__ABOUT THIS TASK__.
Skipping all pictures, please restate word for word the lines from the one that contains "Oversized red Letter" through the last line of the entries.
STORED DATA: Begin
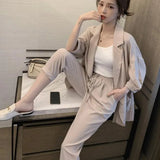 Plus Size Spring Summer Pants Suits Office Lady Two-Piece Set Female Casual Blazer Jacket+ Trousers Slim
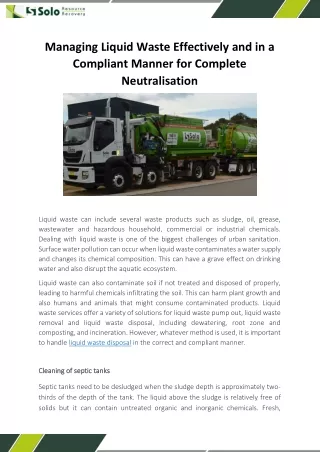 Managing Liquid Waste Effectively and in a Compliant Manner for Complete Neutralisation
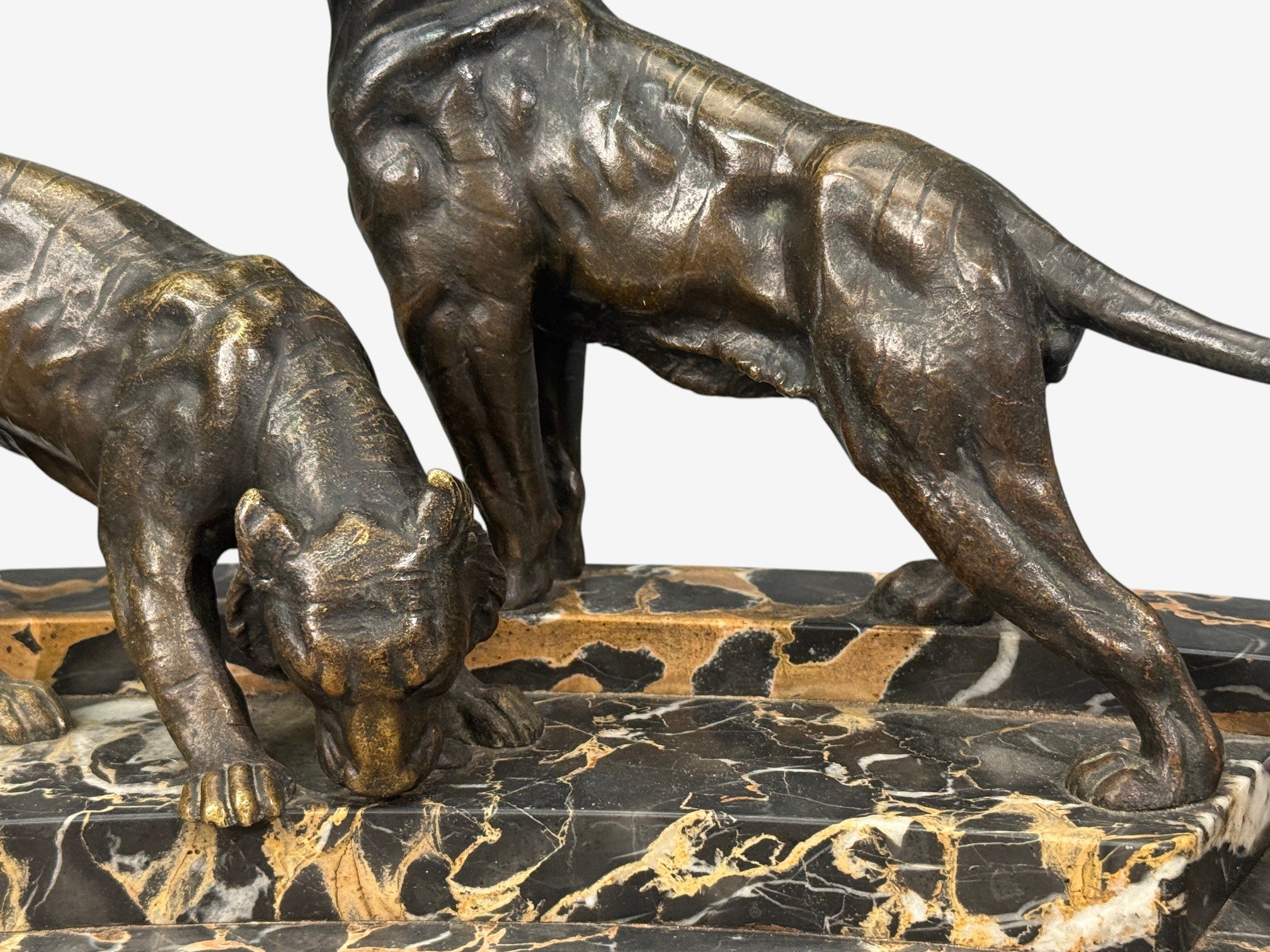 Art Deco, Inkwell Desk Set, Pen Holder, Marble, Bronze Panthers, 1920s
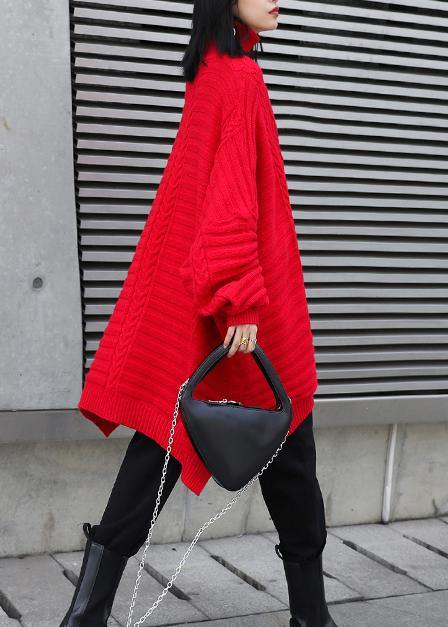 Oversized red Letter knitted t shirt high neck side open knitted blouse - SooLinen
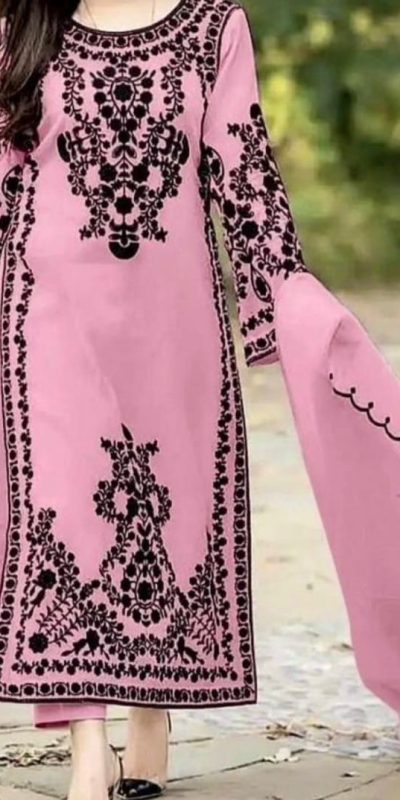 Mystical Pink Color Georgette Embroidery Sequins Sharara Suit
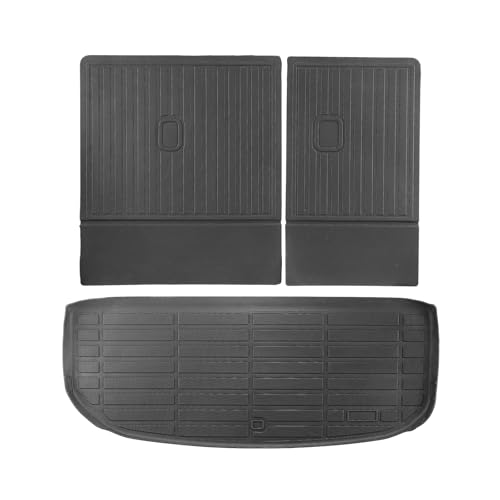 VEVOR Cargo Mats Compatible with Hyundai Palisade 2020-2024, Custom Fit TPE Cargo Liner Set for SUVs, Trunk and Rear Back Seat Protector Replacement, Black, Trunk Mat and Backrest Mats - style: Hyundai Palisade 2020-2024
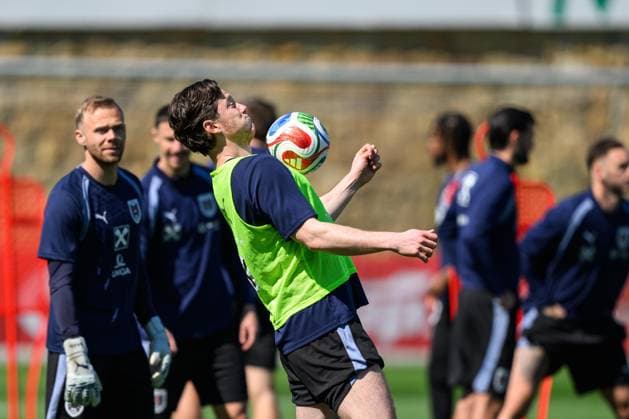 SOCCER - OEFB, training camp MARBELLA,SPAIN,25.MAR.26 - SOCCER - OEFB, Oesterreichischer Fussball-Bund, training camp. Image shows Michael Gregoritsch (AUT).  GEPAxpictures xChristianxMoser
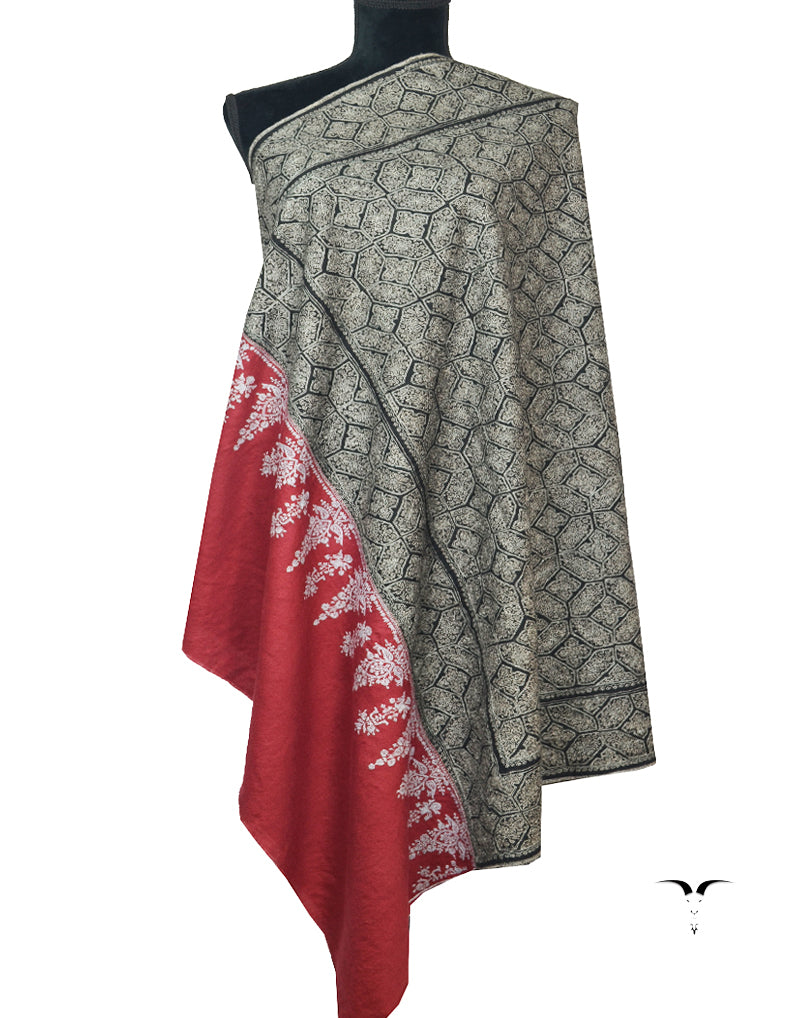 Black And Red Embroidery Pashmina Shawl 6091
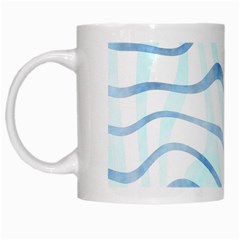 Faded Denim Blue Abstract Stripes On White White Mugs by SpinnyChairDesigns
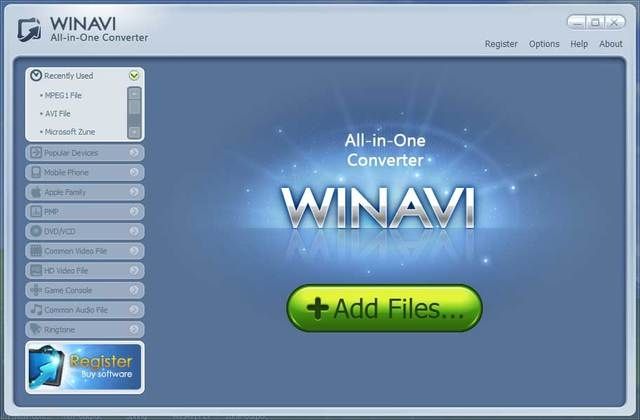 WinAVI All-In-One Converter screen 1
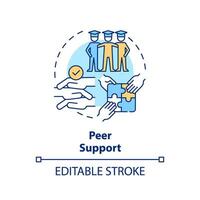 2D editable multicolor peer support icon, simple isolated vector, learning theories thin line illustration. vector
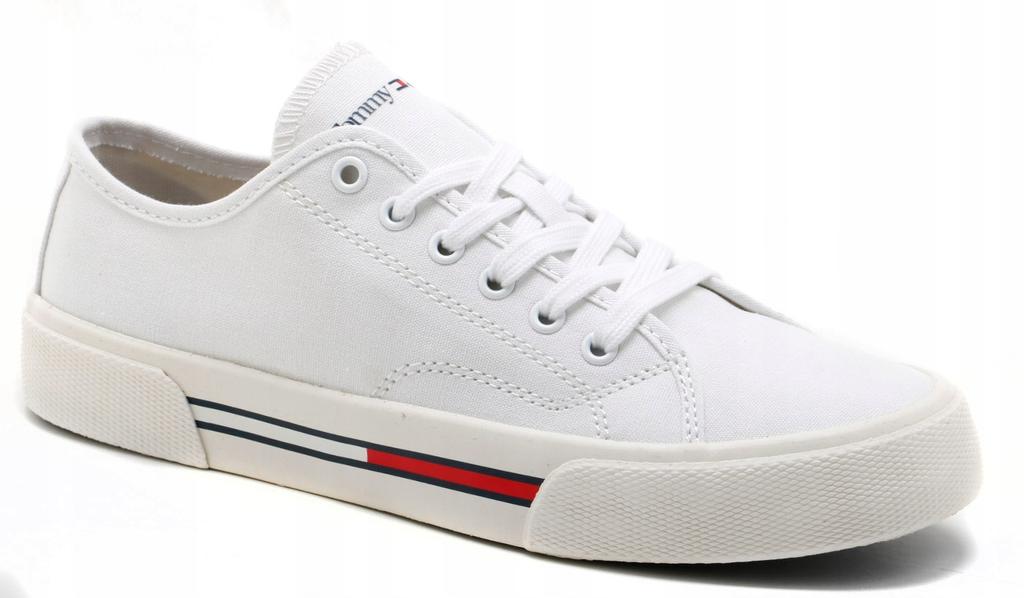 Tommy Jeans Trampki Damskie Białe Sznurowane Z Logo 36 3G9G1* Tna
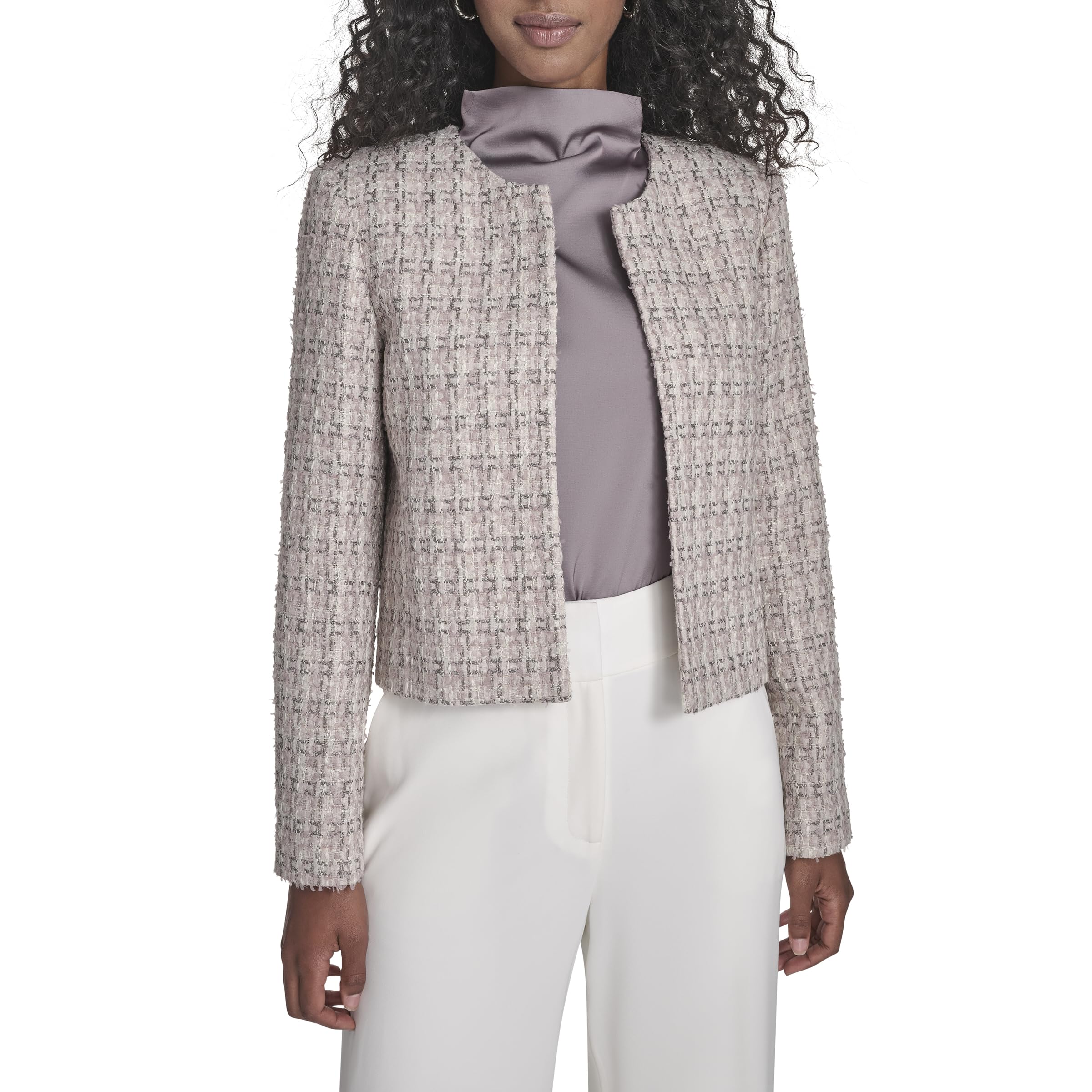 Calvin Klein Womens Shoulder Padding Open Front Jacket
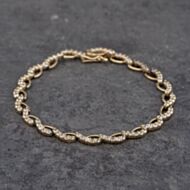 Pre-Owned 9ct Yellow Gold Cubic Zirconia 7.5 Inch Bracelet 41281717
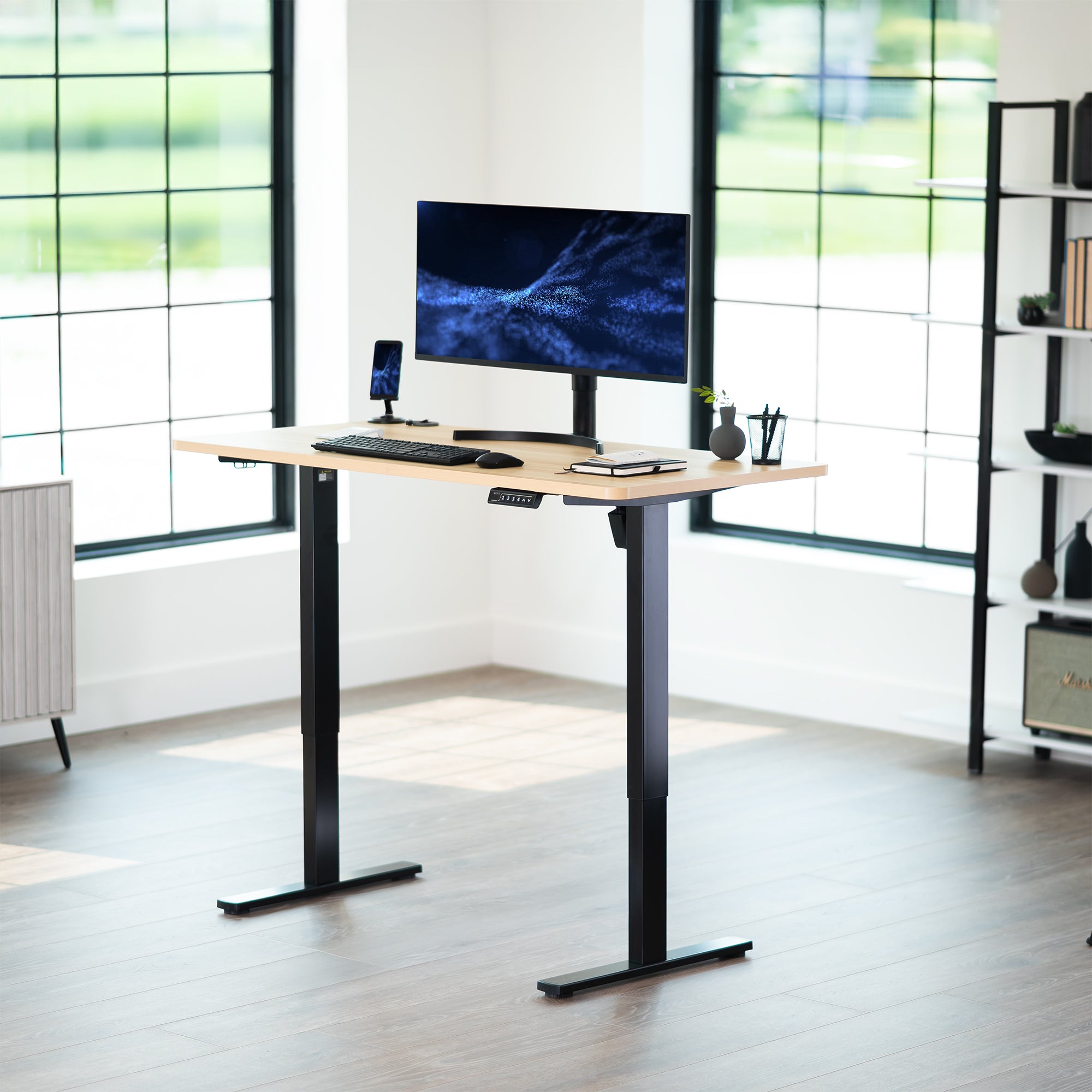 1B Solid Top Series Single Motor Electric Standing Desk with Push Button Memory Controller - Perfect for Home Office, Gaming & Workspace Ergonomics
STORED DATA: End
__SOLUTION FOR THIS TASK__.
 Oversized red Letter knitted t shirt high neck side open knitted blouse - SooLinen
 Mystical Pink Color Georgette Embroidery Sequins Sharara Suit
 VEVOR Cargo Mats Compatible with Hyundai Palisade 2020-2024, Custom Fit TPE Cargo Liner Set for SUVs, Trunk and Rear Back Seat Protector Replacement, Black, Trunk Mat and Backrest Mats - style: Hyundai Palisade 2020-2024
 SOCCER - OEFB, training camp MARBELLA,SPAIN,25.MAR.26 - SOCCER - OEFB, Oesterreichischer Fussball-Bund, training camp. Image shows Michael Gregoritsch (AUT).  GEPAxpictures xChristianxMoser
 Black And Red Embroidery Pashmina Shawl 6091
 Faded Denim Blue Abstract Stripes On White White Mugs by SpinnyChairDesigns
 WinAVI All-In-One Converter screen 1
 2D editable multicolor peer support icon, simple isolated vector, learning theories thin line illustration. vector
 Tommy Jeans Trampki Damskie Białe Sznurowane Z Logo 36 3G9G1* Tna
 Calvin Klein Womens Shoulder Padding Open Front Jacket
 Pre-Owned 9ct Yellow Gold Cubic Zirconia 7.5 Inch Bracelet 41281717
 1B Solid Top Series Single Motor Electric Standing Desk with Push Button Memory Controller - Perfect for Home Office, Gaming & Workspace Ergonomics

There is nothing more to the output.